Hindernisse überwinden

Das erste Mal fiel mir Janine bei einem Auswärtsspiel in Eberswalde auf. Da stand diese zierliche Person mit ihrem Rollstuhl an der Eckfahne. Kein besonders wegsames Gelände. Geschafft hat sie es trotzdem. Schneeflocken wirbelten mit ihren langen, schwarzen Haaren um die Wette. „Was für' ne schöne Frau“, war mein erster Gedanke. Nicht: „Die Ärmste sitzt ja im Rollstuhl!“

Hindernisse überwindenZu Union kam Janine auf Umwegen. „Früher dachte ich immer: Fußballer sind alle blöd, und die Fans sind das Allerschlimmste“ – dann traf sie Mario. Der war nicht nur in sie verliebt, sondern auch in Union. Er nahm sie mit ins Stadion. Union gegen Unterhaching wurde ihr erstes Heimspiel. Das war im Frühjahr 2002. Sie wohnte zu der Zeit in Wartenberg. Schon die Hinfahrt war ein Erlebnis. Alle in Montur, die Kinder mit den Schals am Gürtel, Union-Lieder und alle singen mit. Union verlor zwar das Spiel, der Begeisterung hat´s aber nicht geschadet. Janine war fasziniert. Ein halbes Jahr später wurde sie selbst Mitglied – aus freien Stücken, wie sie betont. Gemeinschaft liegt ihr. Wer sie beim Fußball trifft, sieht sie nie allein am Rande stehen, sondern immer mitten im Trubel. Ganz unvorstellbar, dass sich ein Temperament wie ihres von einem holprigen Waldweg oder von Treppenstufen aufhalten lässt.

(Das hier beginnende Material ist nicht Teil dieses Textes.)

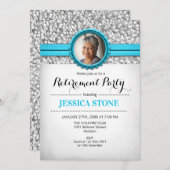 Pensioenfoto - Turquoise Blauw Zilver Wit Kaart (Voorkant / Achterkant)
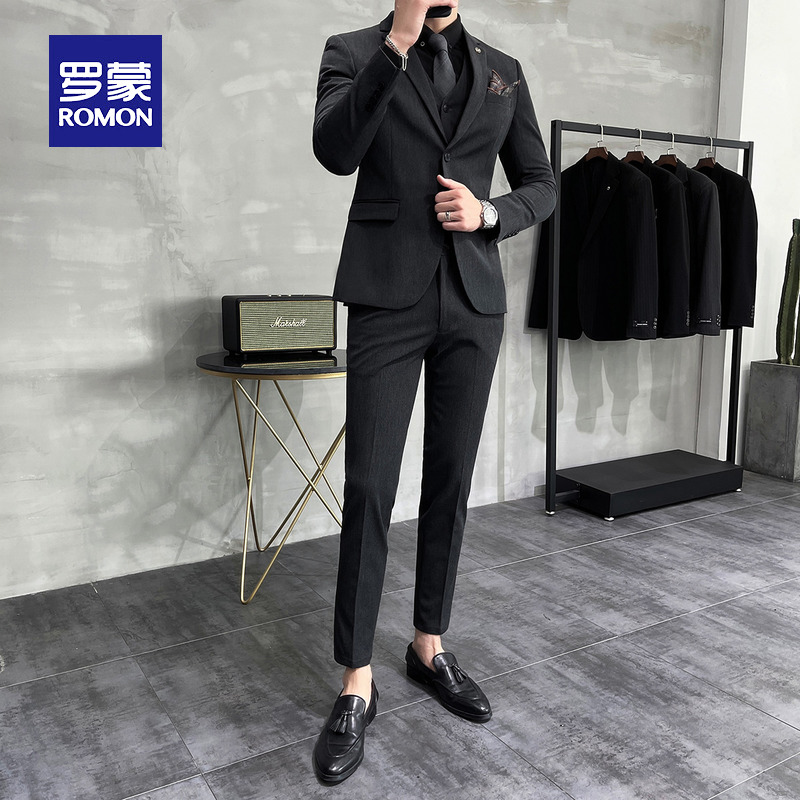 Romon suit suit men's spring and summer two button slim business casual suit groom wedding dress art test formal dress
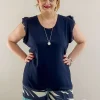 Donna Curvy Bluse con collana smanicata con rouches taglie comode New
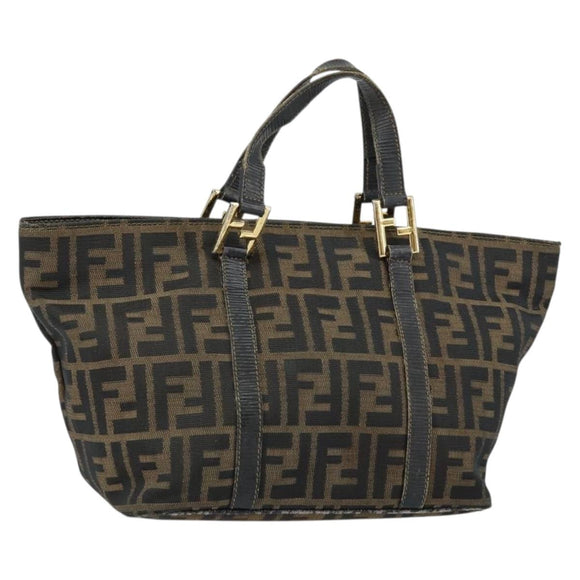 FENDI Zucca Canvas Handtas Bruin Zwart goud Auth 146809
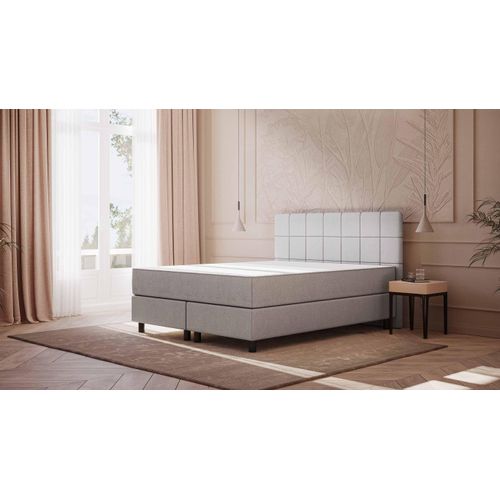 Emma Original Boxspringbett Komfort 140x200 cm - hellgrau - Füße Schwarz - Kopfteil gesteppt Image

Janine ist heute ehrenamtliche Behindertenbeauftragte beim 1. FC Union Berlin. Eine sperrige Bezeichnung. Qualifiziert man sich dazu, weil man behindert ist, und was soll das überhaupt sein, dieses „behindert“? „Das ist wie ein Stempel. Ich sitze im Rolli, aber ich will nicht darauf reduziert werden“, stellt sie klar. „Die Rollifahrerin“ findet Janine als Beschreibung in Ordnung, denn „der Harleyfahrer sagt man ja auch.“ Durch die Empfehlungen der DFL wurden die Profivereine dazu angehalten, neben dem Fanbeauftragten einen Beauftragen für Fans mit Handicaps zu installieren. Janine hat sich überreden lassen, auch wenn sie anfangs skeptisch war, wozu das überhaupt gut sein soll.

„Ich war der Meinung, ich bin zwar behindert, aber ich habe kein Problem, um mich braucht sich auch keiner kümmern. Ich kann für meine Rechte selbst kämpfen, ich kann das alles alleine machen.“ Außerdem hätten ihr die Unioner immer geholfen, wenn es hieß „Kannst Du mal mit anpacken? “ Vieles an ihrer Tätigkeit hat mit Kommunikation zu tun. Janine sorgt im Vorfeld dafür, dass am Spieltag für behinderte Fans die richtige Menge Freikarten an den richtigen Eingängen bereitliegt und Parkplätze zur Verfügung stehen. Auch wenn das Angebot nicht darauf begrenzt ist, sind es vor allem Leute mit Mobilitätseinschränkungen, die Janines Hilfe in Anspruch nehmen.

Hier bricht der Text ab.